Mezzanotte e tre quarti.
Scendo dal letto cercando di fare meno rumore possibile.
Velocemente metto lo zaino sulle spalle e sistemo un fagotto di vestiti dentro al mio letto.
Tutto molto tipico.
Sembro la classica adolescente che sta scappando per andare ad una festa.
Beh, non tutti a quindici anni scappano per andare a vedere una tipografia fallita venti anni fa da soli in piena notte, sai com'è.
Controllo in camera dei miei per assicurarmi che dormano, e sento russare Den da qui.
Mia sorella ha il sonno molto leggero, ma immagino non venga a vedere se io sono a letto oppure no.
Esco dalla finestra del bagno di sopra ritrovandomi sul tetto, poi scendo giù fino a toccare con le punte dei piedi sul davanzale della finestrella del salotto, da cui salto tranquillamente sull'asfalto.
Mi metto a correre cercando di non fare rumore.
L'edificio che voglio vedere stanotte dovrebbe essere a un paio di km da qui, non ci sono mai stata, ma è da tempo che ho in programma questa uscita.
Cammino in silenzio nel buio, osservando la città ora che lei non può vedermi.
È bello essere qui, ora. La notte ti fa sentire potente. Tutti possono vedermi in questo momento, ma nessuno mi vede, perché non c'è nessuno in giro, perché tutti dormono e quelli che sono svegli e sono fuori di certo non badano a me, perché non mi conoscono e non gliene frega niente.
Tutto ciò mi fa sentire come se non esistessi. Come se fossi solo un bug, perché il fatto che io ci sia o meno in questo momento non cambia niente. A quel tassista là in fondo, non cambierebbe niente. A quella coppia che è appena uscita da quel bar, non cambierebbe niente. A quell'uomo in giacca e cravatta dentro la BMW grigia metallizzata, non cambierebbe niente. Per loro sono una variabile senza conseguenze. Ciò secondo il mio modo di pensare è una figata.
Ecco la fabbrica!
La porta è chiusa con una catena e un lucchetto che non credo di poter forzare, quindi faccio due passi sul perimetro dell'edificio in cerca di un passaggio.

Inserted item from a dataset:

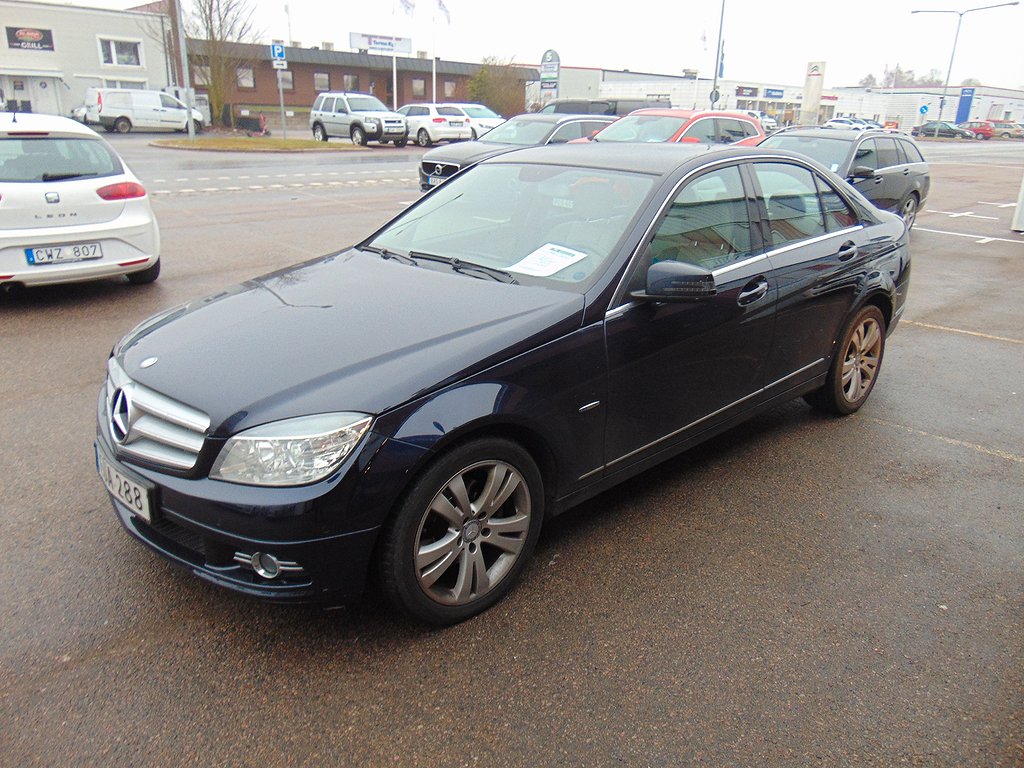 Mercedes-Benz C 220 CDI BlueEFFICIENCY 5G-Tronic Avantgarde Euro 5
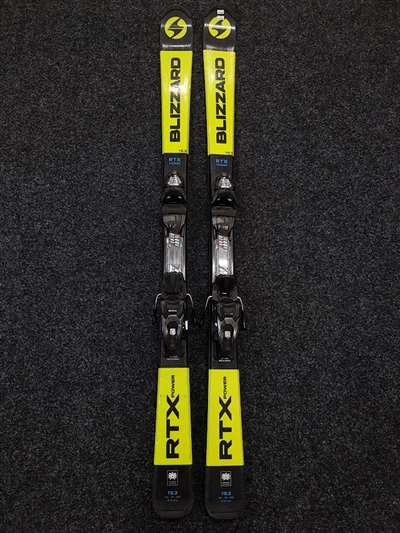 Použité lyže BLIZZARD RTX Power + viazanie Marker TLT 10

Bingo! Qualcuno ha rubato le ante di una finestra a circa un metro e mezzo da terra, quindi mi isso e la scavalco.
L'interno sembra essere congelato, solo lo spesso strato di povere che ricopre tutto mostra che ne è passato di tempo dall'ultima volta che qualcuno è entrato qui.
È un enorme magazzino, in cui troneggiano grandi macchinari arrugginiti.
Da qualche parte, ho letto che il bello di un'esplorazione non è viverla, essere lì, quanto progettarla e immaginarla.
Beh, non è affatto così. Ma proprio no.
Io mi sento meglio quando esploro. Mi sento meno oppressa dalla gabbia, come se stessi scavando per uscire.
In un angolo ci sono alcune copie dell' Oakland News. Che nome originale!
Un giornale è aperto, appoggiato per terra. Sento il mio sangue gelarsi: non c'è traccia di polvere. Qualcuno è stato qui negli ultimi giorni. Guardo per terra e quasi mi cadono gli occhi quando vedo una serie di impronte fresche nella polvere. Correggo: qualcuno è stato qui da pochi giorni. Ma come cavolo ho fatto a non notarle?
Il quotidiano reca la data 22 Maggio 1972 e la foto in prima pagina è un pò inquietante: un quadro che rappresenta un bambino e una bambola,  e sembra che la bambola stia puntando una pistola contro il bambino. Lo sfondo è una porta dietro cui si vedono tante piccole mani.
"The Hands Resist Him, il nuovo quadro dell'artista di Oakland" recita il titolo.
Ok. Calma. Sarà stato un barbone che cercava un posto per dormire e si è messo a guardare il giornale.
Continuo a camminare, finché sento dei passi provenienti dall'entrata. Sono convinta che sia meglio non farmi vedere, quindi mi nascondo dietro una delle macchine.
I passi si avvicinano. Sento una voce imprecare e sussurrare "c'è stato qualcuno!".